Data Structure
The data outputs of this project are intended to be used by researchers of all levels, from those with no knowledge of the underlying TEI-XML data, through to experienced users who nevertheless want to access the data in a format that enables cross-comparison.
You do not need to be able to run the processor in order to access the outputs. They can be found in the tabular_data/output
folder, where there are two kinds:
- Collection: these are the data which have been extracted from the collection files, and so predominantly contain information about manuscripts and manuscript parts.

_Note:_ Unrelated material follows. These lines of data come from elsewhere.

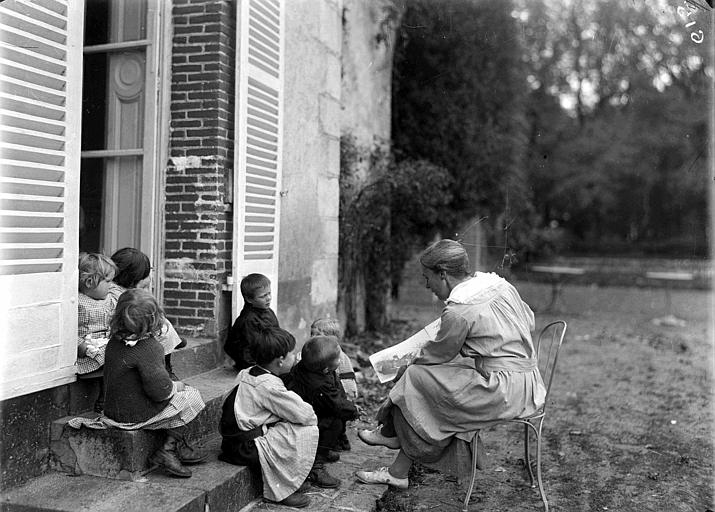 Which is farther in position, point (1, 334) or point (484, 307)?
point (484, 307)

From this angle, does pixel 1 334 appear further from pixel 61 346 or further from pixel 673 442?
pixel 673 442

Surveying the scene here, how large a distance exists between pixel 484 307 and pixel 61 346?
7.12 ft

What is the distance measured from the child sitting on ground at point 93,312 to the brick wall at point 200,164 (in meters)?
1.25

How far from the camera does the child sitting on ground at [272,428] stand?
3738mm

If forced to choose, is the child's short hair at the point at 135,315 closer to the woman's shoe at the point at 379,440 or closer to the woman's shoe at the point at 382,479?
the woman's shoe at the point at 379,440

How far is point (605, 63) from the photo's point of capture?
22719mm

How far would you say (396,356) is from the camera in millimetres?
4195

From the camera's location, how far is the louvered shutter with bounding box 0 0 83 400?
3.37 metres

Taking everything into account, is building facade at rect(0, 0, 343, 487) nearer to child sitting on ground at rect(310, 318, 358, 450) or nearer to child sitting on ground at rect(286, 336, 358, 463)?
child sitting on ground at rect(310, 318, 358, 450)

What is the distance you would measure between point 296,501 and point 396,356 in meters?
0.98

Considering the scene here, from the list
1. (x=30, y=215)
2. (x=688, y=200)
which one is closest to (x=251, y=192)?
(x=30, y=215)

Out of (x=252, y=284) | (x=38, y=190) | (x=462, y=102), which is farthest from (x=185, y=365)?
(x=462, y=102)

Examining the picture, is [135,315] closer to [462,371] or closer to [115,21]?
[462,371]

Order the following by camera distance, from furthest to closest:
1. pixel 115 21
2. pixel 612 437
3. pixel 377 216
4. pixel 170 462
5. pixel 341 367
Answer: pixel 377 216
pixel 612 437
pixel 115 21
pixel 341 367
pixel 170 462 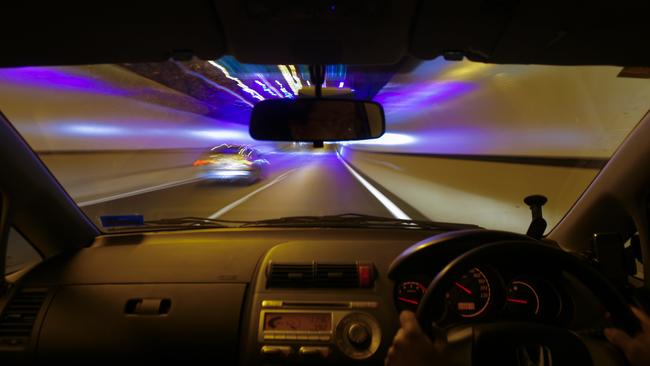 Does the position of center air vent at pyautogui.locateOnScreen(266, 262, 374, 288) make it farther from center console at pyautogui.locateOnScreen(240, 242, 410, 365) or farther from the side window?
the side window

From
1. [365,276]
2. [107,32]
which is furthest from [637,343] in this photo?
[107,32]

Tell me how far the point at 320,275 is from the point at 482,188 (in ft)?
20.7

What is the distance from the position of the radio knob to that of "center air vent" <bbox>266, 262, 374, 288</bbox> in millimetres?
287

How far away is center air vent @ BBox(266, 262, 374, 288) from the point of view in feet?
9.97

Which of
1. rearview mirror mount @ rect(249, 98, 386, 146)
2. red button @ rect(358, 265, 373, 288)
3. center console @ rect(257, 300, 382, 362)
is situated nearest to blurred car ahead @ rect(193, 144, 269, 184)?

- Authority: these are the data which have been extracted from the authority files which accompany the collection, and so predominantly contain information about people, places, and organisations associated with the collections.
Download
The data are presented in three formats:
- A single XLSX (Excel) file, containing tabs for each of the configured outputs. This is the recommended format, as the data in each tab are grouped into sections, with accompanying notes explaining the content of each column.
- A set of CSV files, each one corresponding to a tab in the XLSX output.
- A set of JSON files, each one corresponding to a tab in the XLSX output.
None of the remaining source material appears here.